■ **Records for this exercise**:

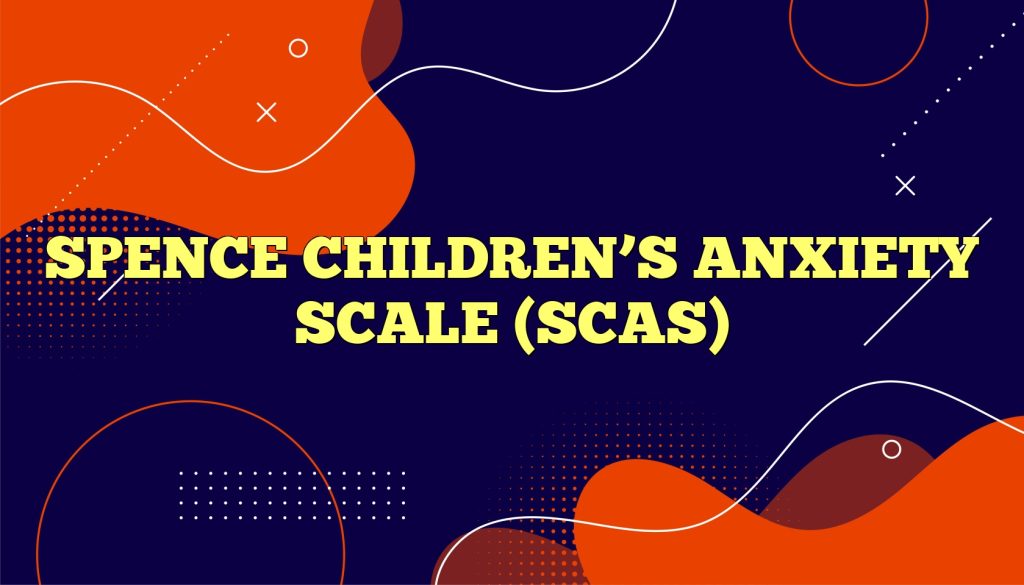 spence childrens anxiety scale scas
* * *
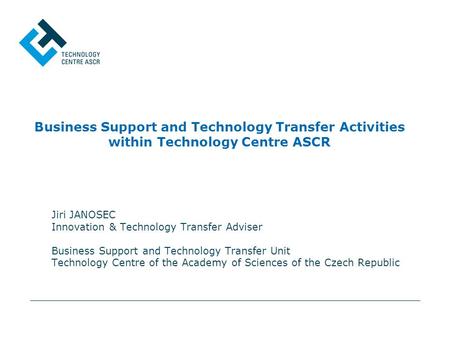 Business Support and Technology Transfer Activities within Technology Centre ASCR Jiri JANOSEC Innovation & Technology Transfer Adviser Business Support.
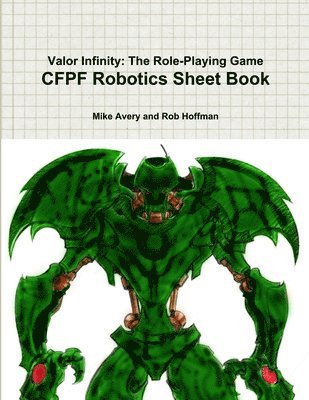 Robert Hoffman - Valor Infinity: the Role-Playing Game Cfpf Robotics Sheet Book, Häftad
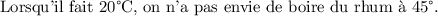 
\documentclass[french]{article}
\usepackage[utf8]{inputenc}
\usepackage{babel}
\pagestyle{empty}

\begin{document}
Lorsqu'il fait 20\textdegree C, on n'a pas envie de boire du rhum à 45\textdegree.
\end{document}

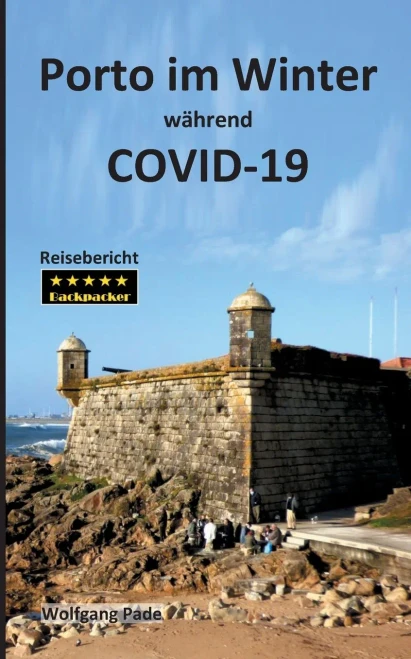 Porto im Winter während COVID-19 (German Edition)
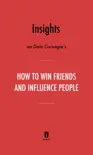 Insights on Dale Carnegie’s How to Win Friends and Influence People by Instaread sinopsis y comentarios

■ **Problem details**: What is needed is an exact copy of the lines above, from the one holding "Robert Hoffman - Valor" down to the one holding "Insights on Dale", with those two included and the pictures left out.

■ **Solution for this task**:
 Robert Hoffman - Valor Infinity: the Role-Playing Game Cfpf Robotics Sheet Book, Häftad
\documentclass[french]{article}
\usepackage[utf8]{inputenc}
\usepackage{babel}
\pagestyle{empty}

\begin{document}
Lorsqu'il fait 20\textdegree C, on n'a pas envie de boire du rhum à 45\textdegree.
\end{document}

 Porto im Winter während COVID-19 (German Edition)
 Insights on Dale Carnegie’s How to Win Friends and Influence People by Instaread sinopsis y comentarios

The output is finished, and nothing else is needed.